Нравственный облик Пушкина | страница 17



Отношение Пушкина к требованиям своей совести и его раннее, вдумчивое проникновение в сущность разумных условий человеческого существования, в потребности сердца, в права мысли-определили и взгляд его на главнейшие проявления справедливости, как осуществления общественной совести, выражающиеся в правосудии и законодательстве. Уже двадцатилетним юношею он выражает определенный в этом отношении взгляд, которому оставался затем верен во всю свою остальную жизнь. Восхищаясь уединением, он учится "блаженство находить в истине, свободною душой закон боготворить, роптанью не внимать толпы непросвещенной и отвечать участием застенчивой мольбе" [63]. Это целая программа, тем более замечательная, чем менее она подходила к рамкам, в которые тогда охотно укладывалась личная и общественная жизнь на Руси.

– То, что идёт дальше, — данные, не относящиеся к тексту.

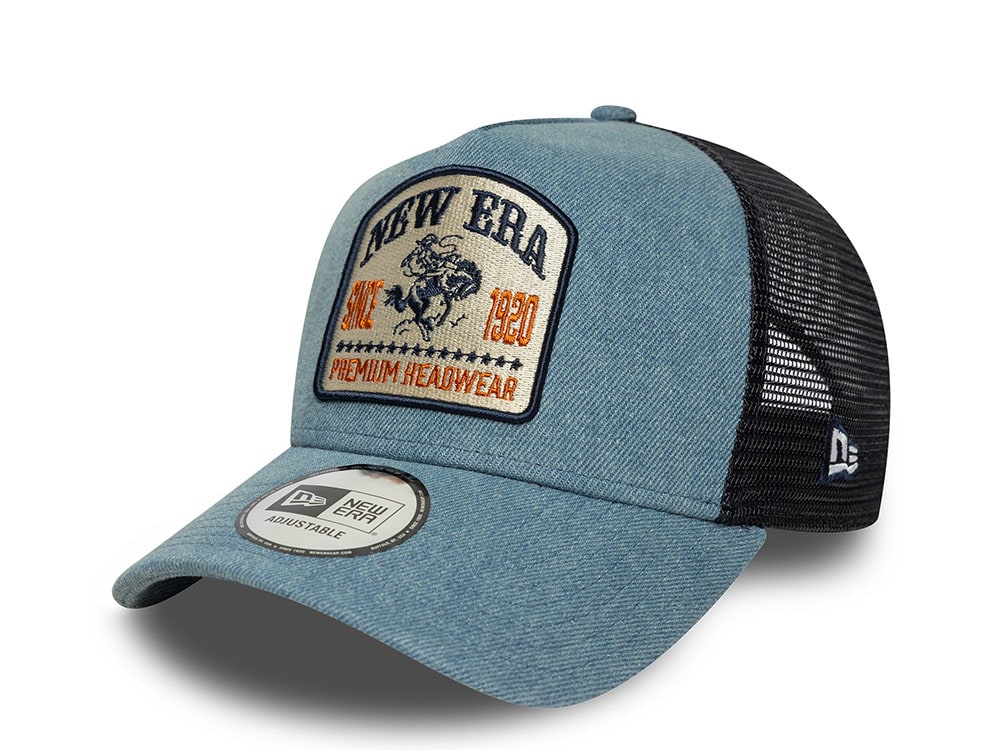 New Era Denim Patch Sky Blue 9Forty A Frame Trucker Snapback Gorra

Движение законодательства и возбуждаемые при этом вопросы исторического и общественного характера чрезвычайно интересовали Пушкина. Его записки и письма хранят несомненные доказательства глубины этого интереса. В них содержится множество замечаний критического характера и указаний на бытовые особенности, столь важные для законодателя. Между ними есть опыты проектов различных мер, вызываемых общественными потребностями. Из них видно, что, относясь к подобным вопросам с живейшим вниманием, Пушкин желал видеть закон примиренным с житейской правдой и необходимою личною свободой; желал видеть человека не рабом непонятного ему принудительного приказа, а слугою разумных требований общежития.

Мысль — великое слово, говорит он. — "Что же и составляет величие человека, как не мысль! Да будет же она свободна, как свободен человек: в пределах закона, при полном соблюдении условий, налагаемых обществом". Эта разумная свобода, построенная на уважении к правам личности, на признании прав организованной совокупности личностей — общества, — и есть "святая вольность", которую Пушкин противополагает тому, что он называет "безумством гибельной свободы". Несмотря на относительную близость французской революции, картина которой в большинстве оставляла еще смутное и слитное впечатление, он, со свойственным ему пониманием исторической перспективы и уменьем дать определение в двух словах, установлял, по отношению к политической свободе, глубокую разницу между "львиным ревом колоссального Мирабо" и действиями "сентиментального тигра — Робеспьера".

Настоящая свобода не может опираться на насилие — она "богиня чистая", и ее "целебный сосуд" не должен быть "завешан пеленой кровавой". Она погибает, если, в забвении ее истинного смысла, наступают "порывы буйной слепоты", и тогда над ее "безглавым трупом" может возникнуть палач "презренный, мрачный и кровавый" [64].